WORK ORDER: Please return only the lines from the one with "USC legend Carson" through the final line of the data, unchanged, with pictures omitted.

Short text fragments from websites:
□ □ □ □
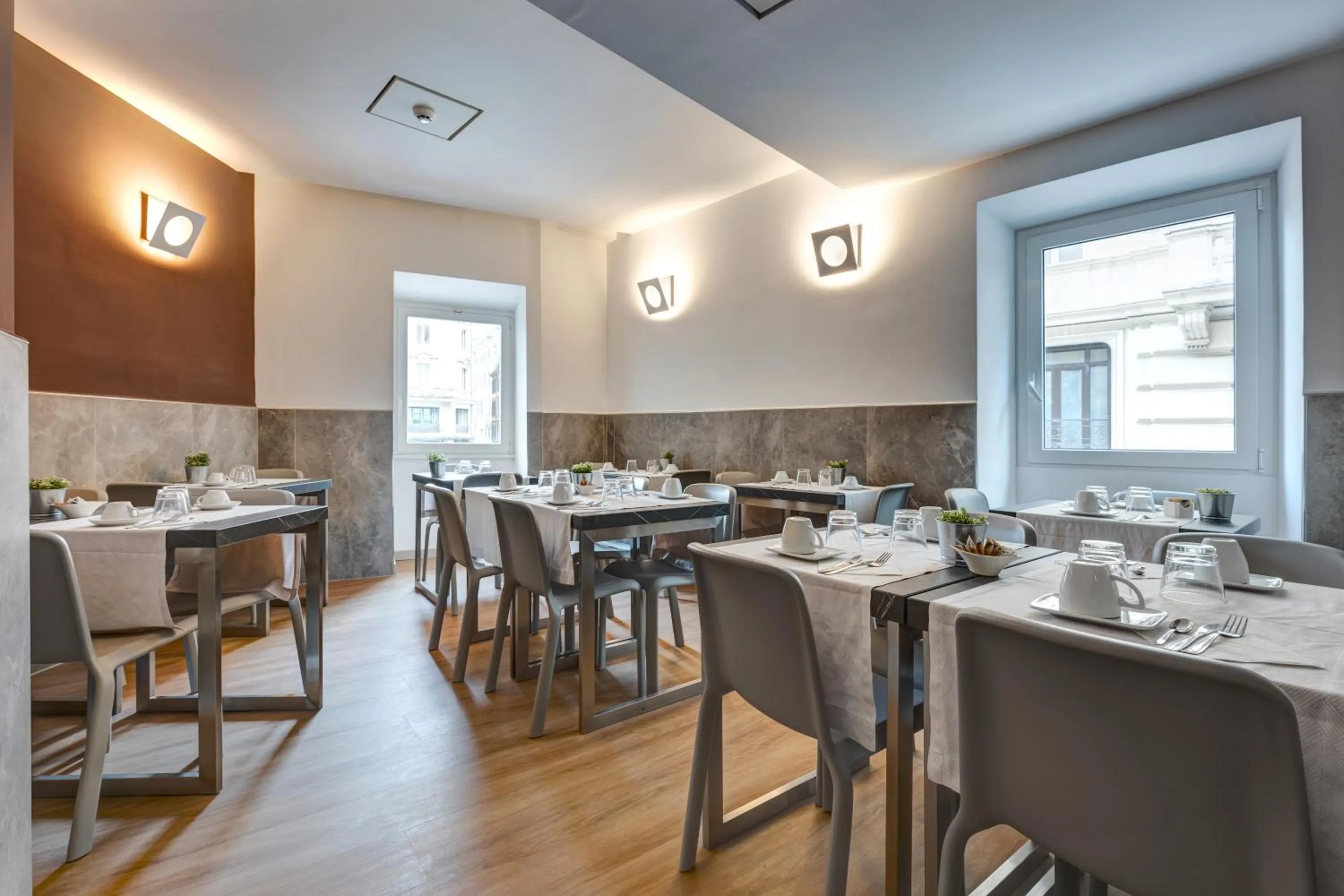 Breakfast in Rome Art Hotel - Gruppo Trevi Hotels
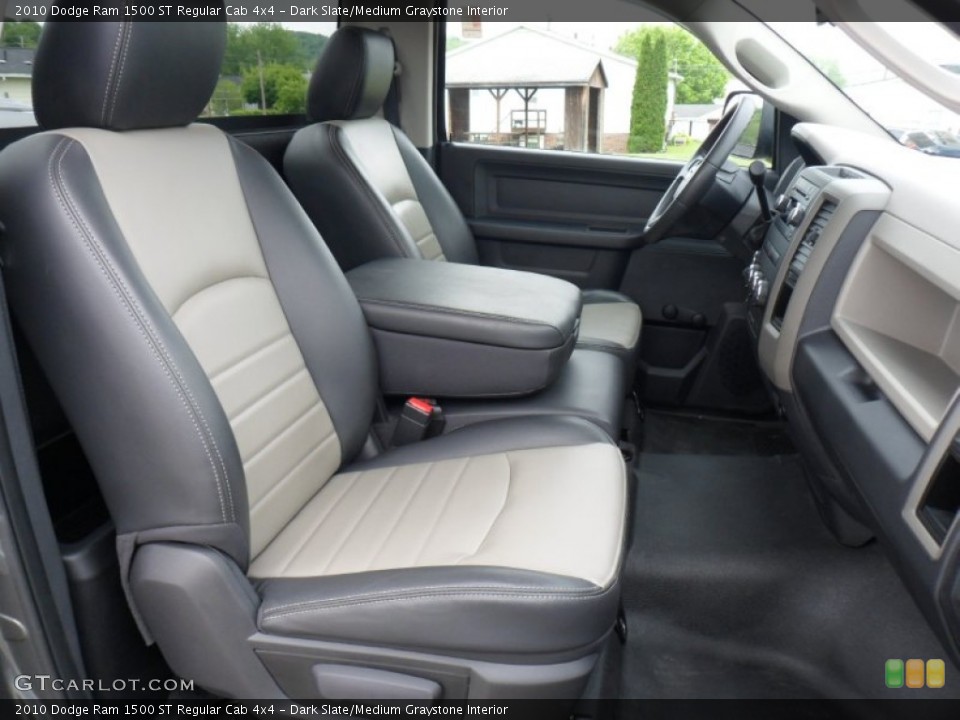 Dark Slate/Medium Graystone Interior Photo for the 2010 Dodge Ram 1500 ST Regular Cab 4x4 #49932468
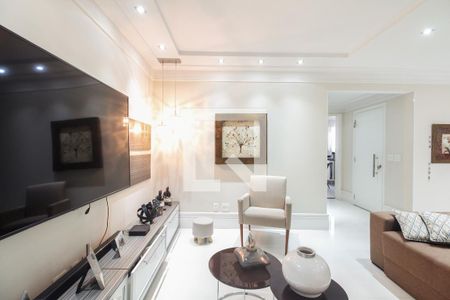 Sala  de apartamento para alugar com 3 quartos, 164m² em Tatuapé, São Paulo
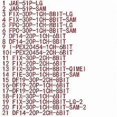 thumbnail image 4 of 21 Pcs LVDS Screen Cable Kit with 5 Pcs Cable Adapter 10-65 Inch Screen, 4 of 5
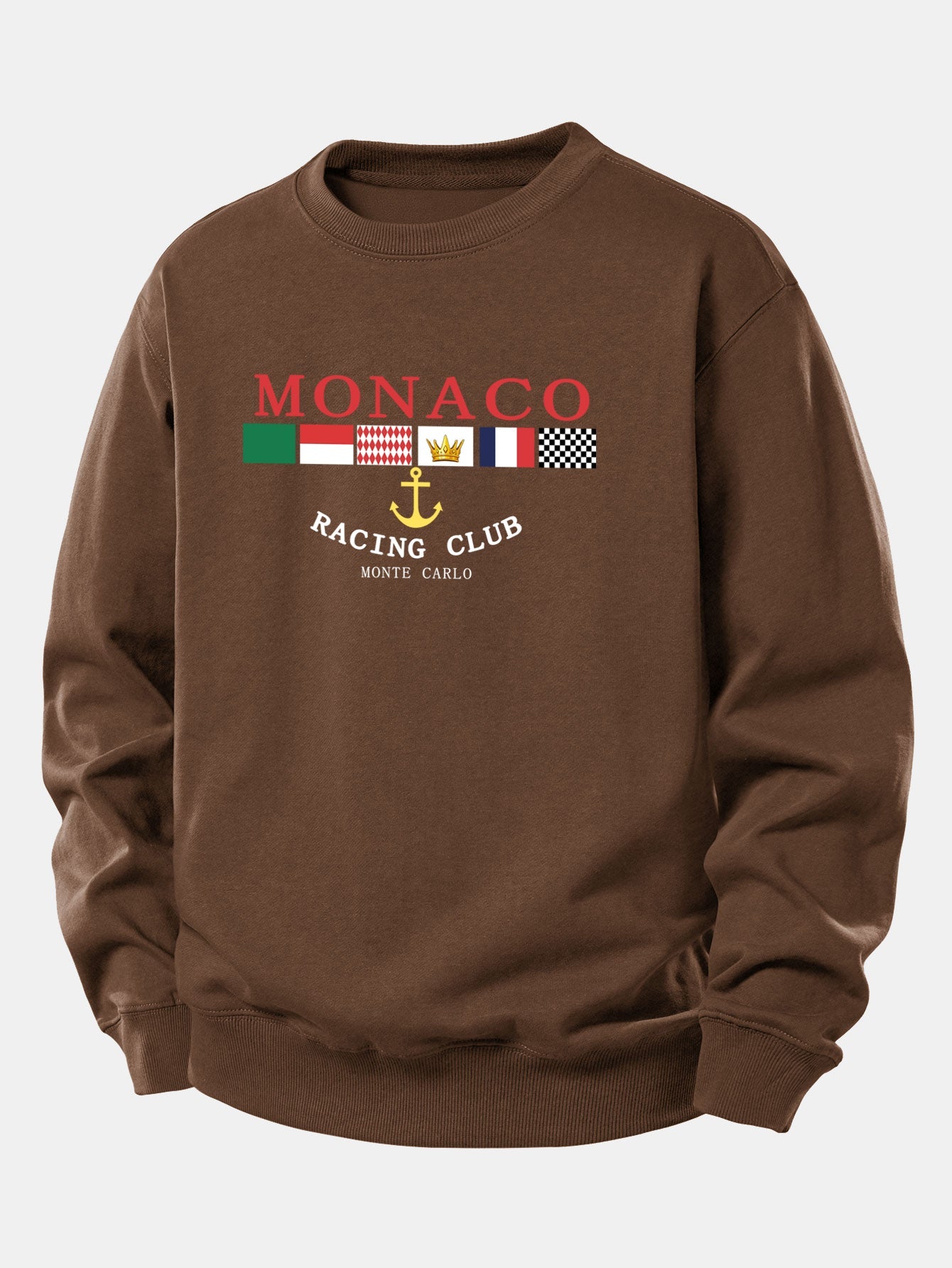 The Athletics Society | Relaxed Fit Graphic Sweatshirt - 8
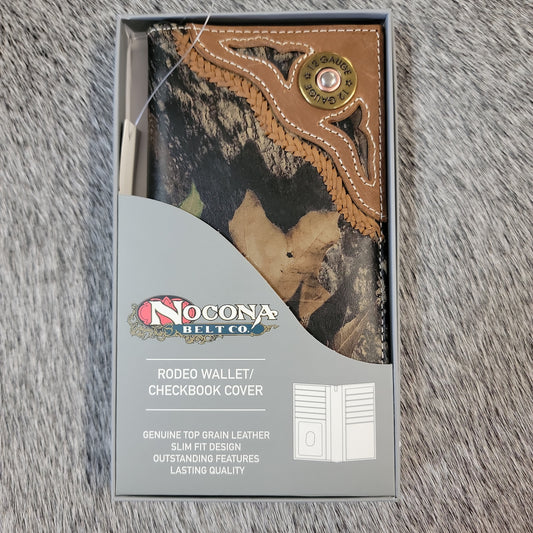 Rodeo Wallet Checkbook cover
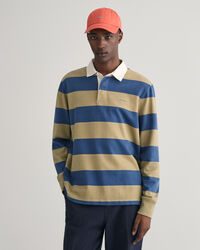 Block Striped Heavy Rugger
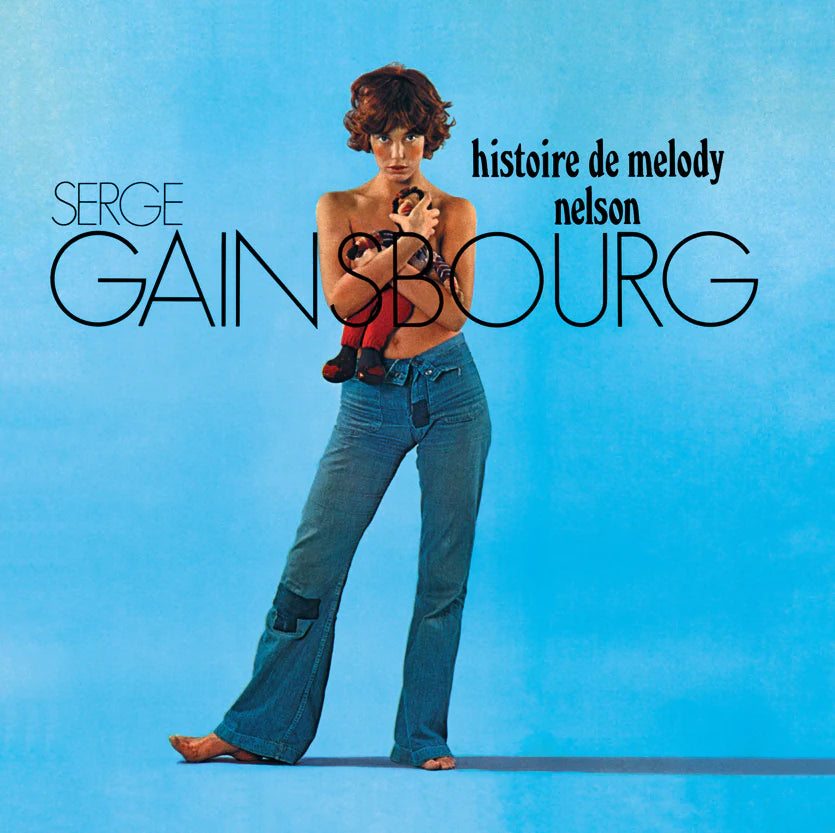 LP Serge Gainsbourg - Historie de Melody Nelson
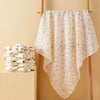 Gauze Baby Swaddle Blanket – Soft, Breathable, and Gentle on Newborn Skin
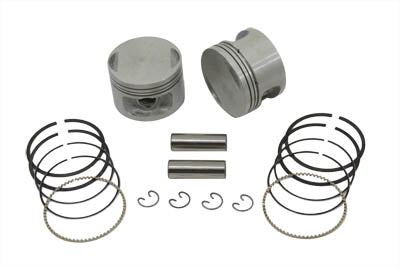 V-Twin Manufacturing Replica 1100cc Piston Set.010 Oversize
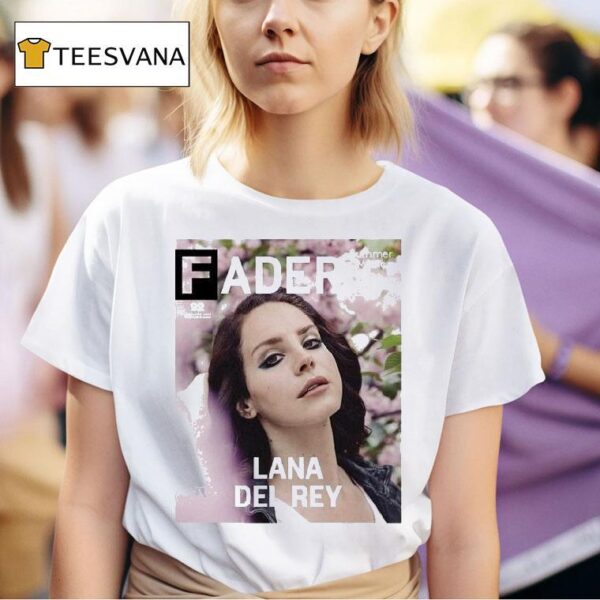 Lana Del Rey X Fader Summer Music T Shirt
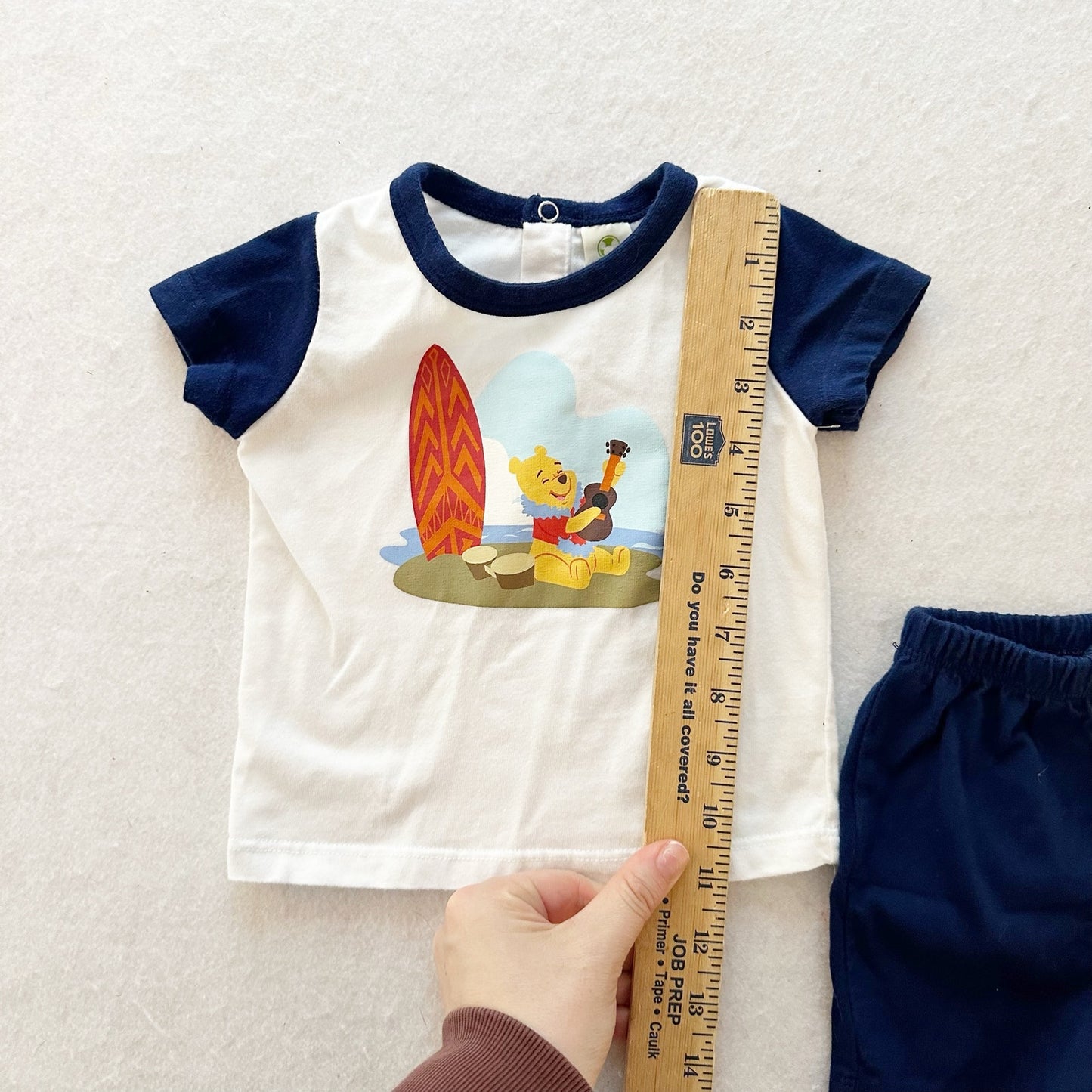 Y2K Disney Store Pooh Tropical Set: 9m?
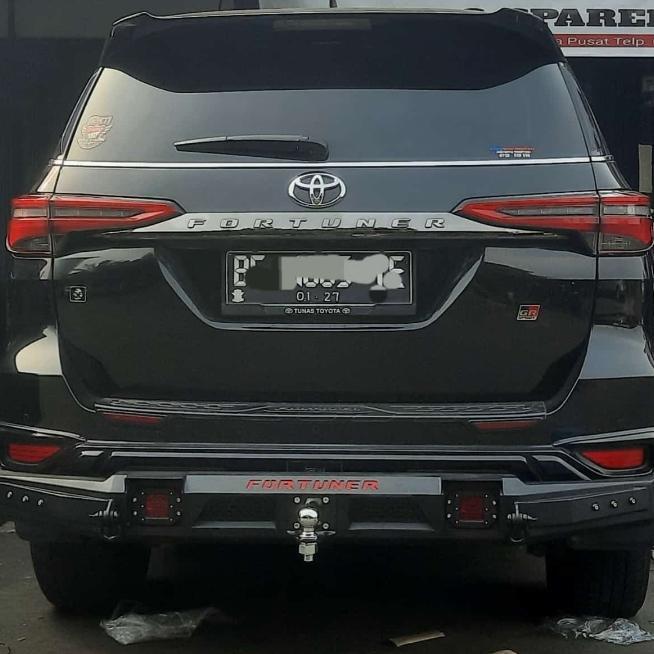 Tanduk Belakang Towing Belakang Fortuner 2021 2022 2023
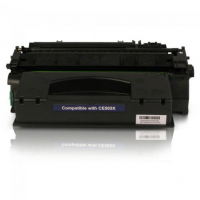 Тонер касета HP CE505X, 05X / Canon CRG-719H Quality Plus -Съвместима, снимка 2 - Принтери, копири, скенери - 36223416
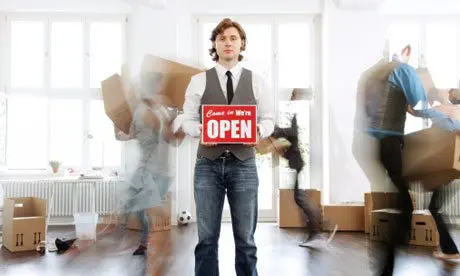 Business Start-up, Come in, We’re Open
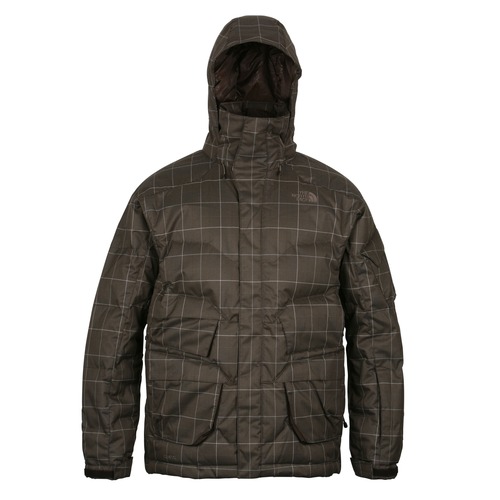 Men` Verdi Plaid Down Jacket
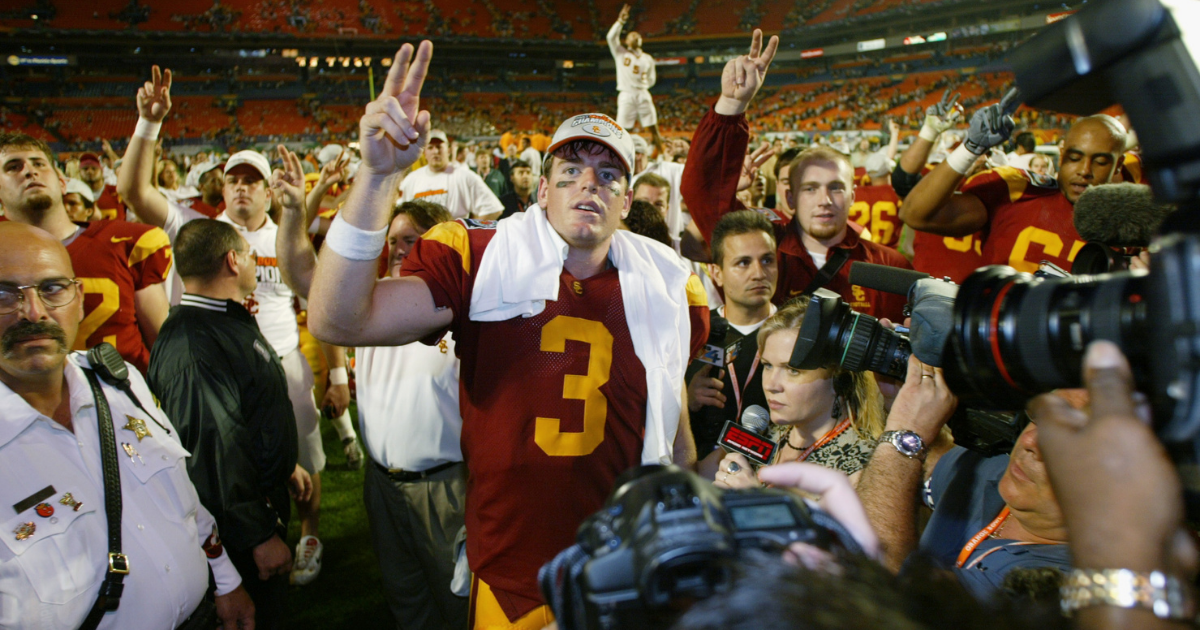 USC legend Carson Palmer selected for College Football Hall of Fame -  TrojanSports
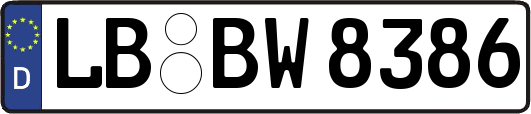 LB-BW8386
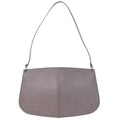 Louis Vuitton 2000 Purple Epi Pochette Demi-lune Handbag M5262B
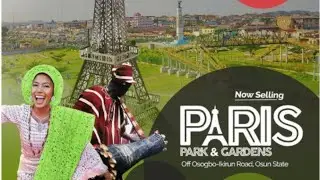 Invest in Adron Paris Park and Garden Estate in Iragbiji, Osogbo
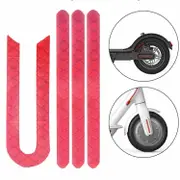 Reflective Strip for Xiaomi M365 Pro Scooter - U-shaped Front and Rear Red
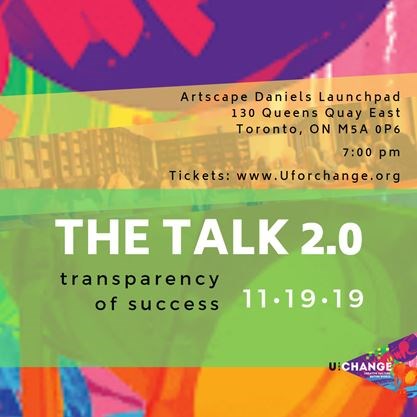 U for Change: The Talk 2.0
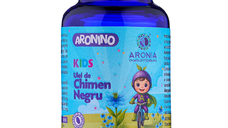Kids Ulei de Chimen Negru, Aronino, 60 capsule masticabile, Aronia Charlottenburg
□ □ □ □
PROBLEM SOLUTION:
 USC legend Carson Palmer selected for College Football Hall of Fame -  TrojanSports
 LB-BW8386
 Louis Vuitton 2000 Purple Epi Pochette Demi-lune Handbag M5262B
 Invest in Adron Paris Park and Garden Estate in Iragbiji, Osogbo
 Reflective Strip for Xiaomi M365 Pro Scooter - U-shaped Front and Rear Red
 U for Change: The Talk 2.0
Kids Ulei de Chimen Negru, Aronino, 60 capsule masticabile, Aronia Charlottenburg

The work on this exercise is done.